In the data below, restate exactly the lines from the one with "27584 La Porte Ave, Hayward CA 94545" to the final line, both included, but not the pictures.

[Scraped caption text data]
————————
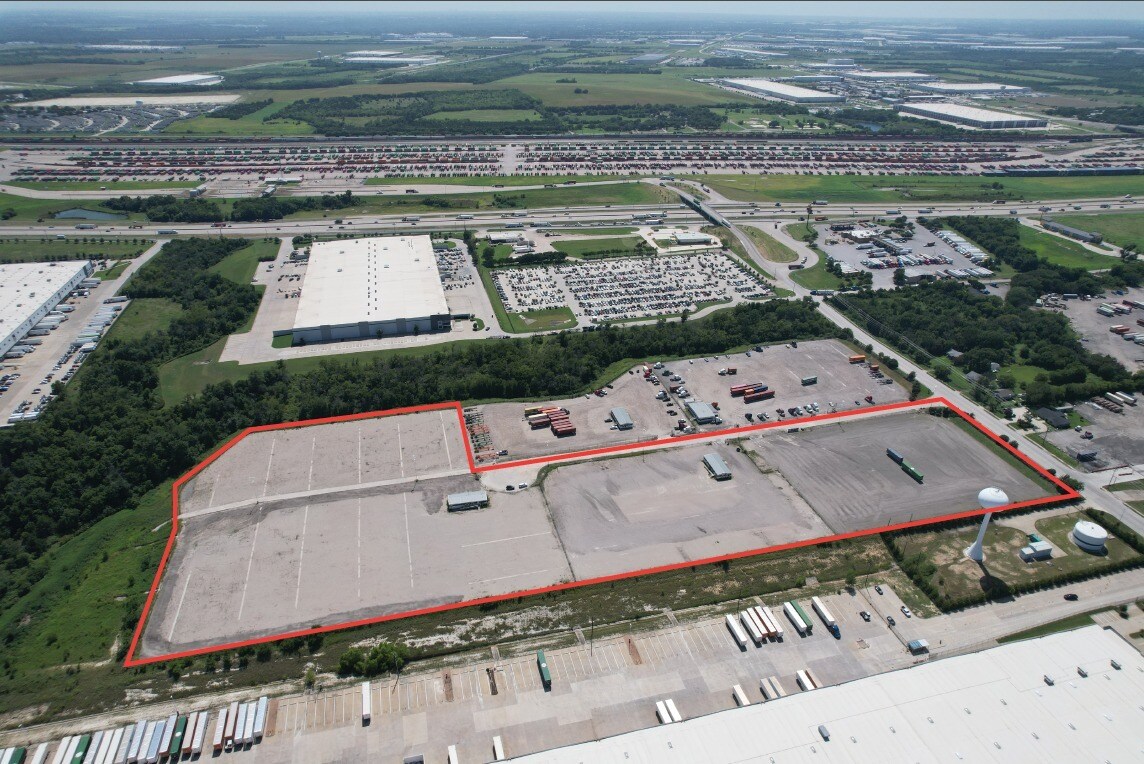 1000 Fulghum Rd, Wilmer, TX à louer Photo principale- Image 1 de 7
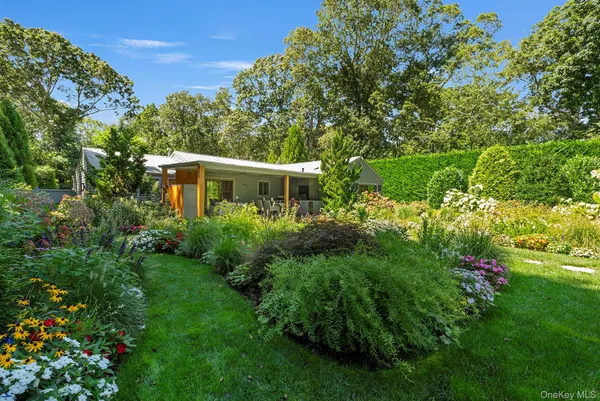$2,150,000 | 95 Tyrone Drive, East Hampton, NY 11937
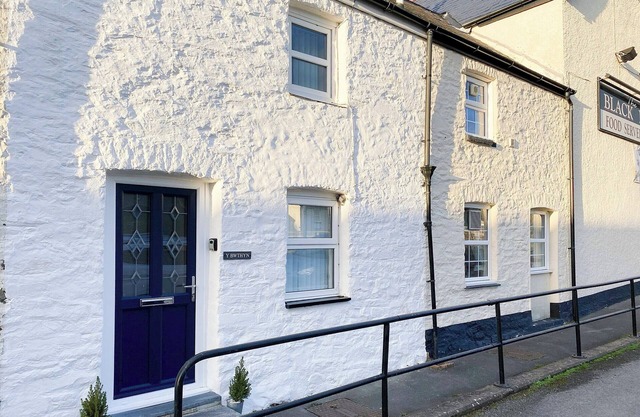 A cosy coastal cottage, offering a beautiful retreat for two.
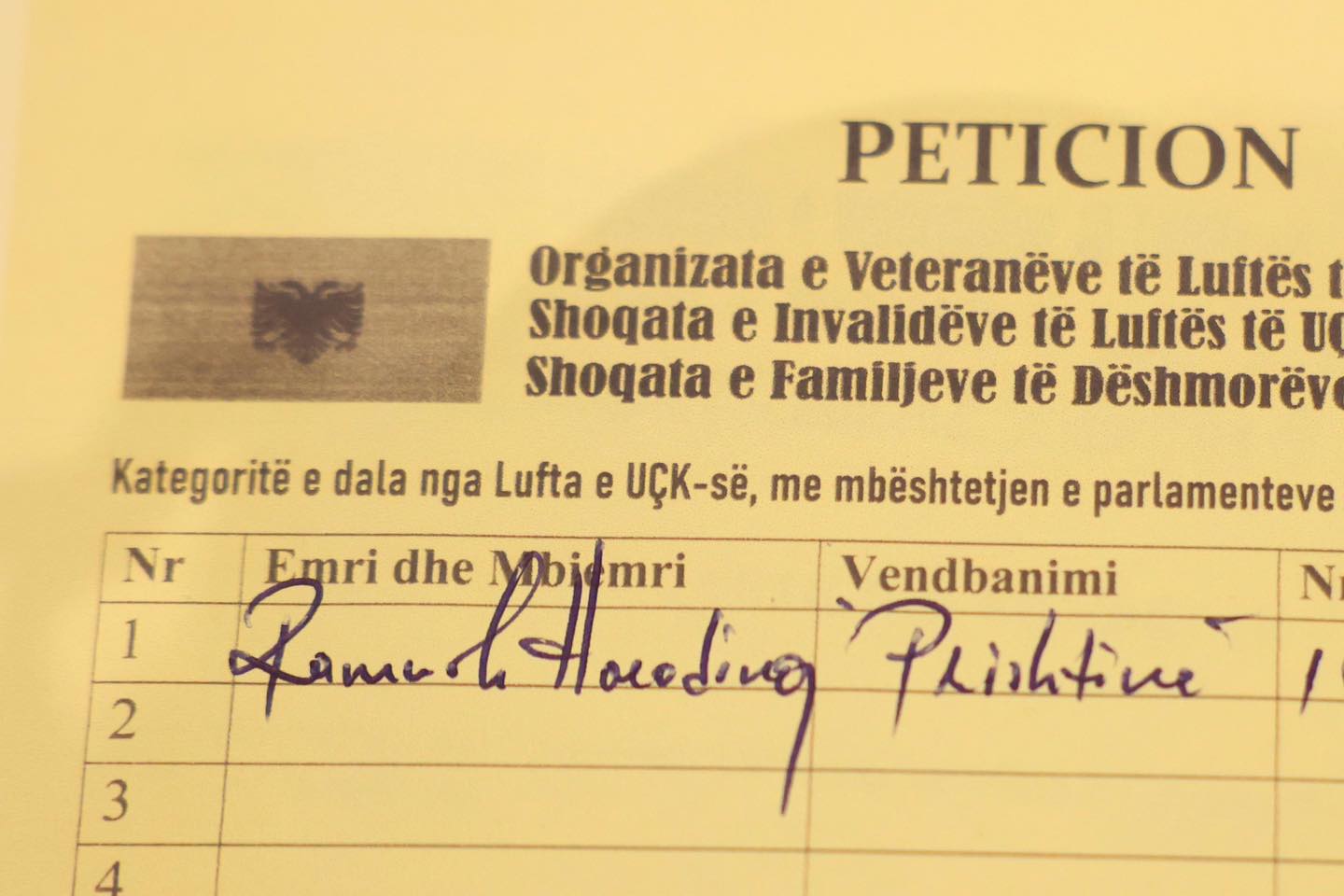 Ramush Haradinaj nënshkruan peticion në mbështetje të ish luftëtarëve të Ushtrisë Çlirimtare e Kosovës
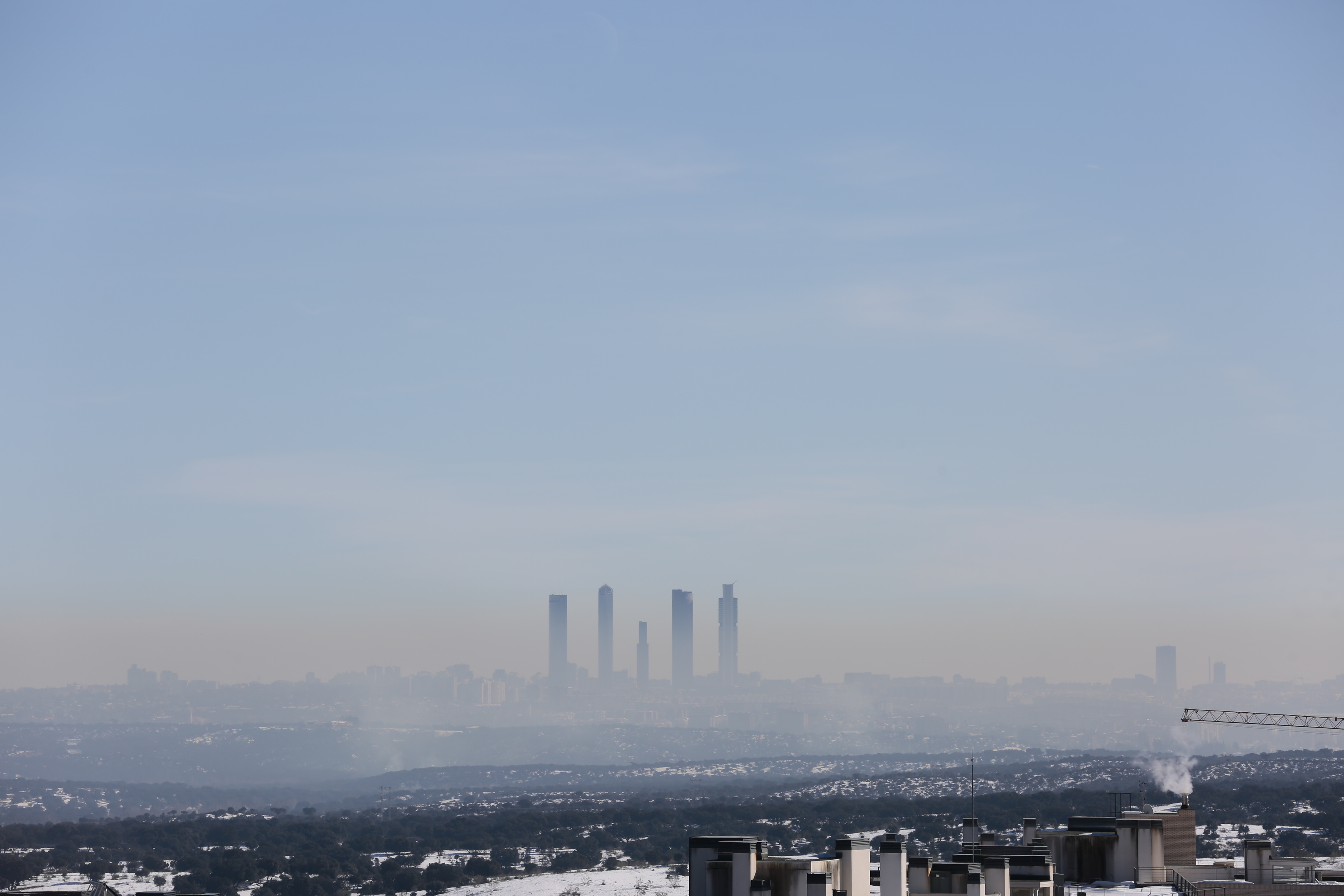 Imagen de archivo de una panormica de Madrid en la que se aprecia la "boina" de contaminacin.
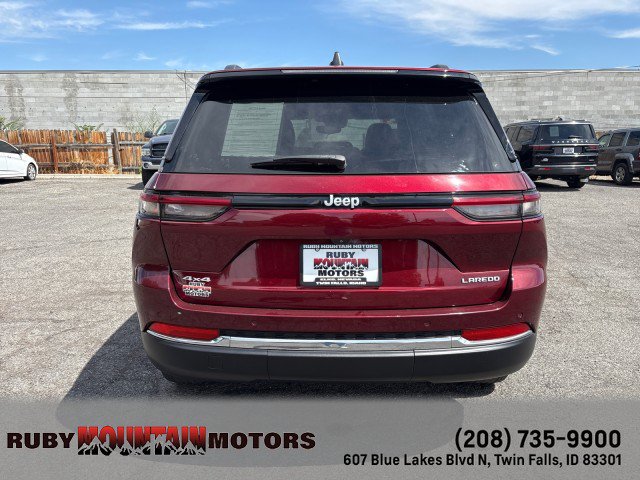 Used 2024 Jeep Grand Cherokee Laredo X w/ Luxury Tech Group I AWD/4WD image 6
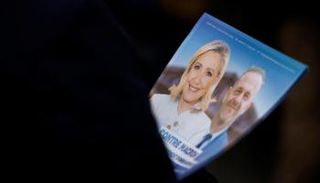 ملصق انتخابي يحمل صورة زعيمة 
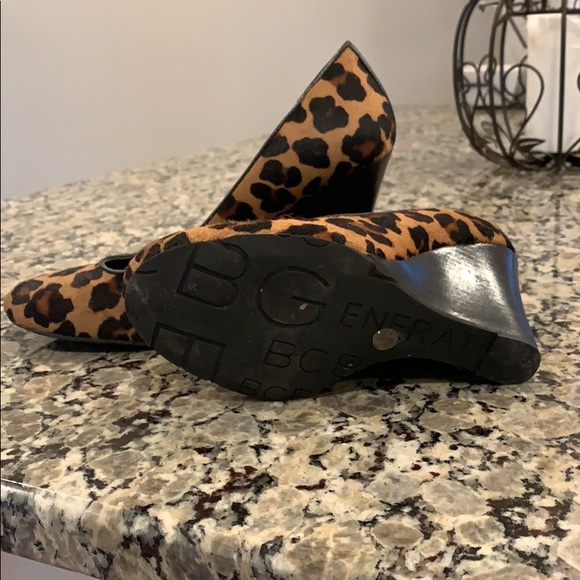 BCBG Leopard print wedges - Picture 4 of 4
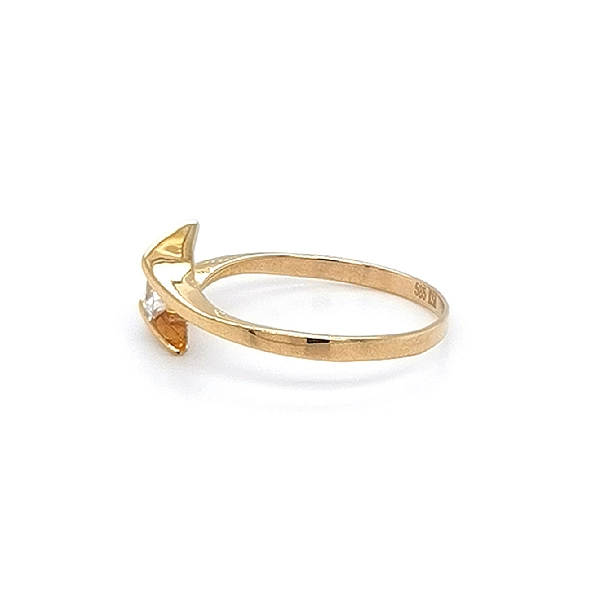 Nhẫn vàng đính đá zircon
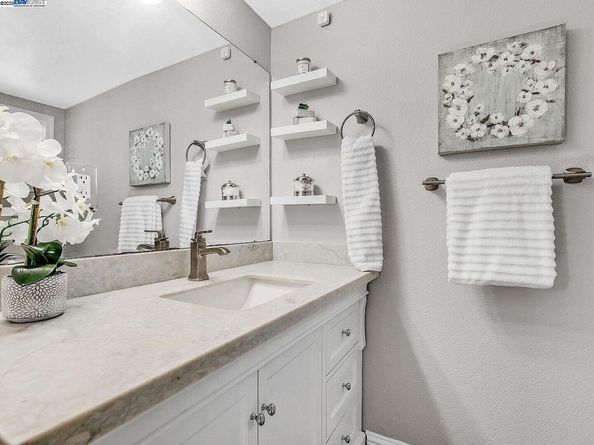 27584 La Porte Ave, Hayward CA 94545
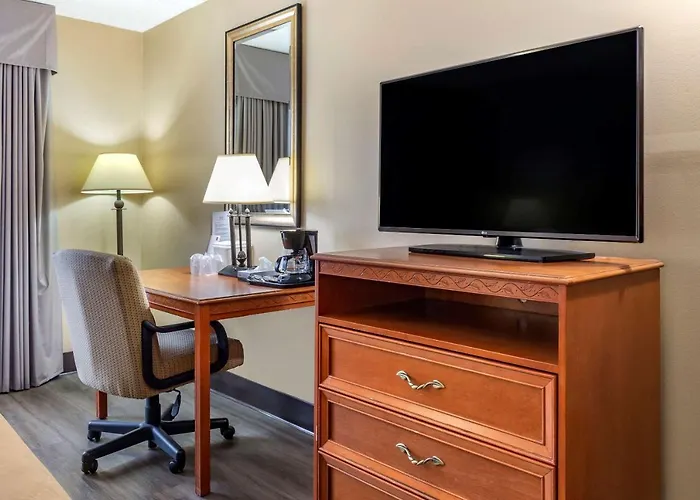Econo Lodge & Suites Southern Pines - Pinehurst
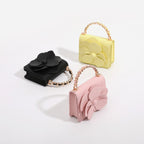 Frauen Mini-Handtasche mit verspieltem Blumendesign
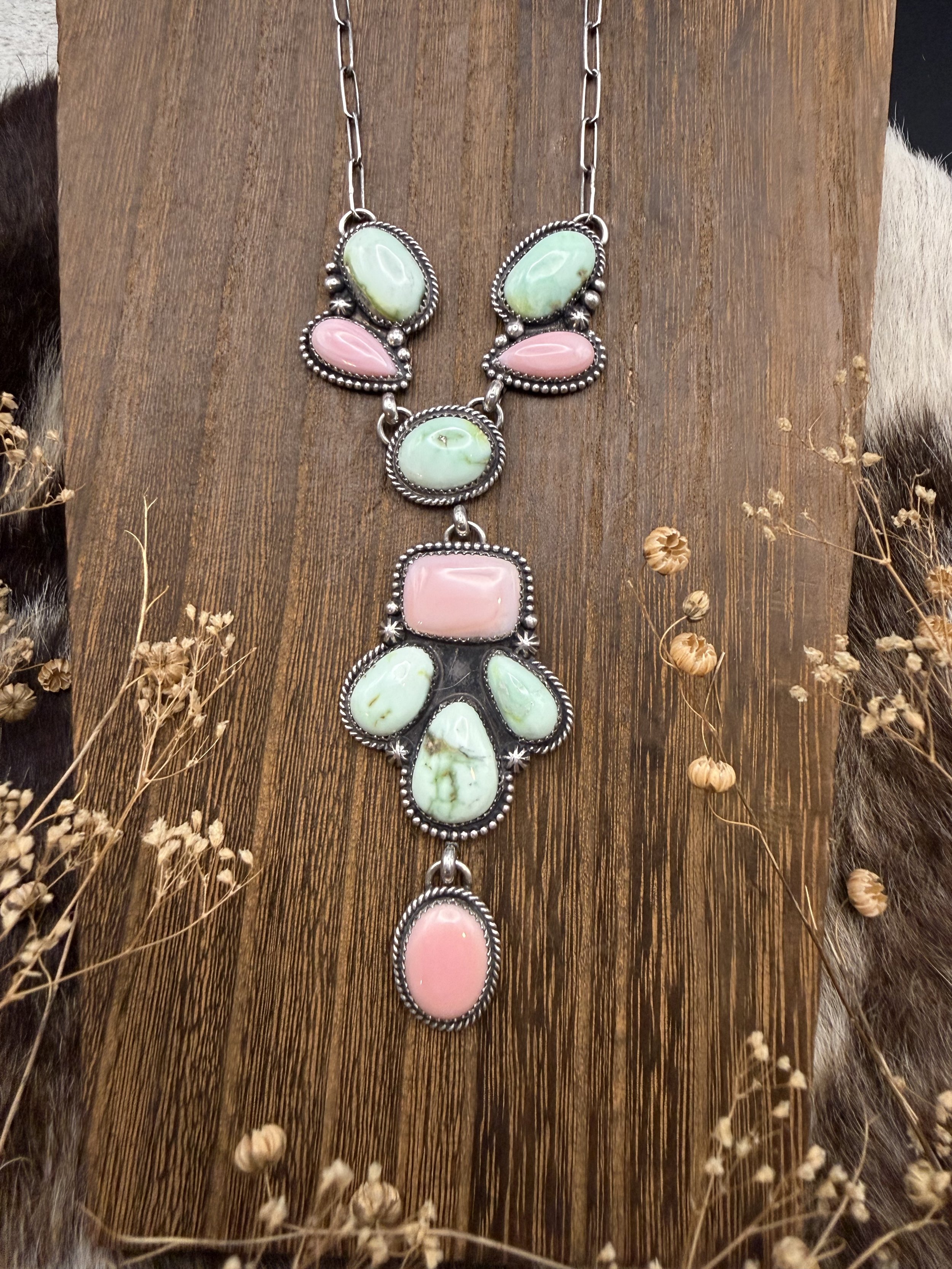 Palomino & Queen Conch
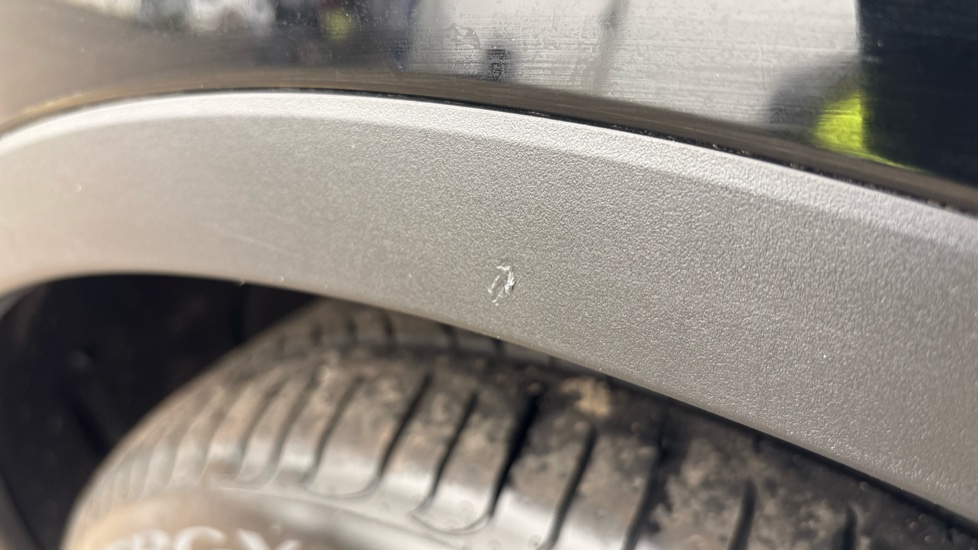 TESLA MODEL Y HATCHBACK RWD 5dr Auto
————————
RESULT FOR THIS EXERCISE:
 27584 La Porte Ave, Hayward CA 94545
Econo Lodge & Suites Southern Pines - Pinehurst
 Frauen Mini-Handtasche mit verspieltem Blumendesign
 Palomino & Queen Conch
 TESLA MODEL Y HATCHBACK RWD 5dr Auto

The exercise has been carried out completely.